Paper-Based Airborne Bacteria Collection and DNA Extraction Kit

Paper-Based Airborne Bacteria Collection and DNA Extraction Kit
The crucial danger from airborne infectious illnesses, bio-weapons, and dangerous micro organism is presently the very best it has ever been in human historical past. The requirement for monitoring airborne pathogens has progressively elevated to defend towards bioterrorism or forestall pandemics, particularly through easy and low-cost platforms which might be utilized in resource-limited settings.
Right here, we developed a paper-based airborne micro organism assortment and DNA extraction equipment appropriate for easy software with minimal devices. Airborne pattern assortment and DNA extraction for PCR evaluation had been built-in within the paper equipment.
We created an easy-to-use paper-based air monitoring system utilizing 3D printing know-how mixed with an air pump. The operation time of your entire course of, comprising air sampling, bacterial cell lysis, purification and focus of DNA, and elution of the DNA analyte, was inside 20 min.
All of the investigations and optimum settings had been examined in a custom-designed closed cupboard system.
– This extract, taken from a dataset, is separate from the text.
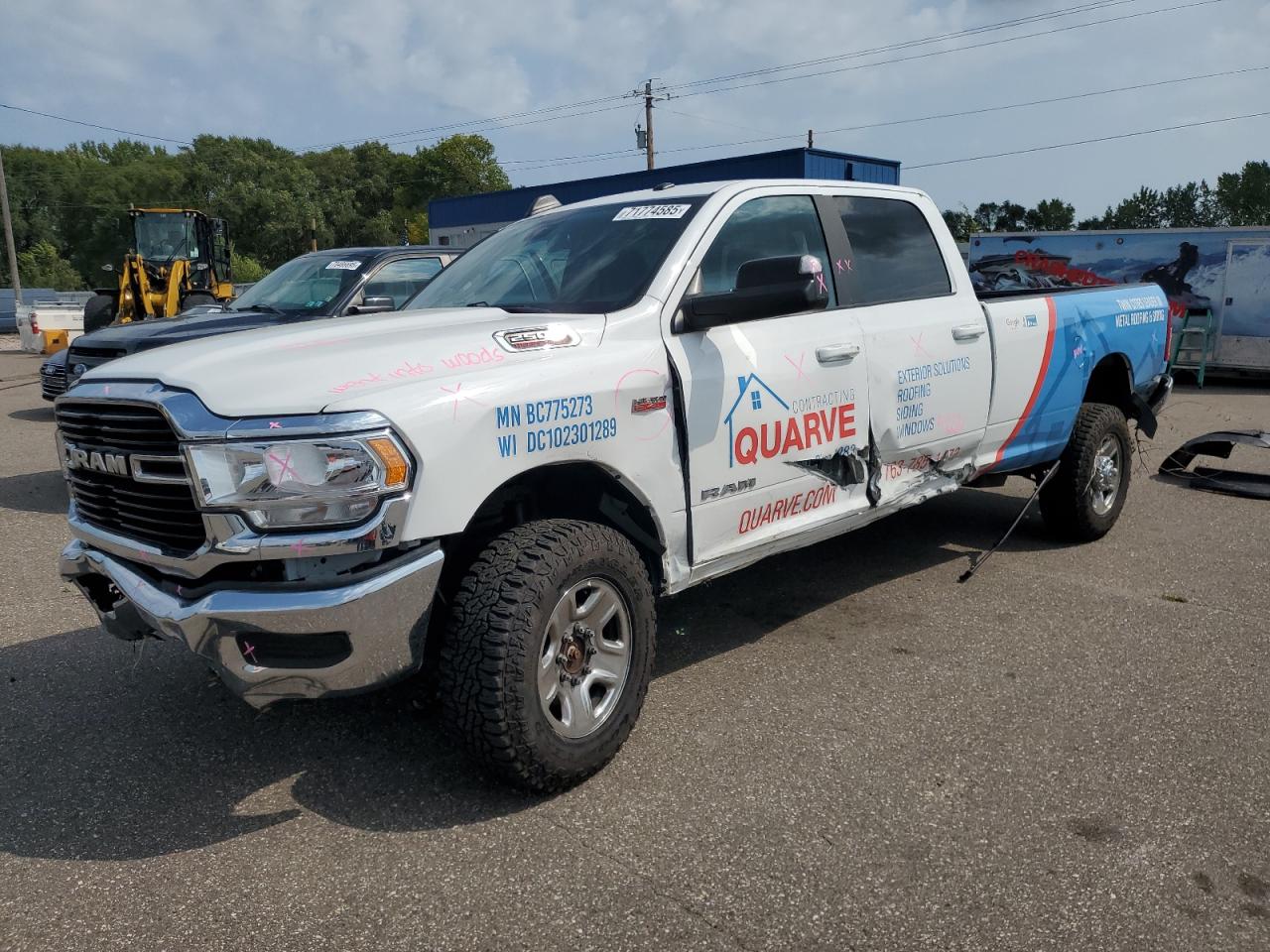 RAM 2500 BIG HORN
Within the fabricated cupboard system, the paper equipment operated successfully at a temperature of 25-35 °C and 30-70% relative humidity for air containing 10-106 CFU Staphylococcus aureus. This paper equipment might be utilized for easy, speedy, and cost-effective airborne pathogen monitoring.

New Estimation of Antibiotic Resistance Genes in Sediment Alongside the Haihe River and Bohai Bay in China: A Comparability Between Single and Successive DNA Extraction Strategies

Sediment is considered an important reservoir for antibiotic resistance genes (ARGs). Typically, research describing and evaluating ARGs and their potential hosts in sediment are primarily based on single DNA extractions.
To this point, nonetheless, no examine has been performed to evaluate the affect of DNA extraction effectivity on ARGs in sediment. To find out whether or not the abundance of ARGs is underestimated, we carried out 5 successive extraction cycles with a broadly used industrial equipment in 10 sediment samples collected from the Haihe River and Bohai Bay.
Our outcomes confirmed that gathered DNA yields after 5 extractions had been 1.8-3.1 instances increased than that by single DNA extractions. Excessive-throughput sequencing confirmed that inadequate DNA extraction might generate PCR bias and skew neighborhood construction characterization in sediment.
The relative abundances of some pathogenic micro organism, akin to Enterobacteriales, Lactobacillales, and Streptomycetales, had been considerably totally different between single and successive DNA extraction samples. As well as, real-time fluorescent quantitative PCR (qPCR) confirmed that ARGs, intIextraction cycles.
Among the many measured ARGs, sulfonamide resistance genes and multidrug resistance genes had been dominant subtypes within the examine area. Nonetheless, totally different subtypes of ARGs didn’t reply equally to the extra extraction cycles; some continued to have linear development traits, and a few tended to degree off.
Moreover, extra correlations between ARGs and bacterial communities had been noticed within the successive DNA extraction samples than within the single DNA extraction samples. It’s advised that 3-Four extra extraction cycles are required in future research when extracting DNA from sediment samples.
Taken collectively, our outcomes spotlight that performing successive DNA extractions on sediment samples optimizes the extractable DNA yield and may result in a greater image of the abundance of ARGs and their potential hosts in sediments.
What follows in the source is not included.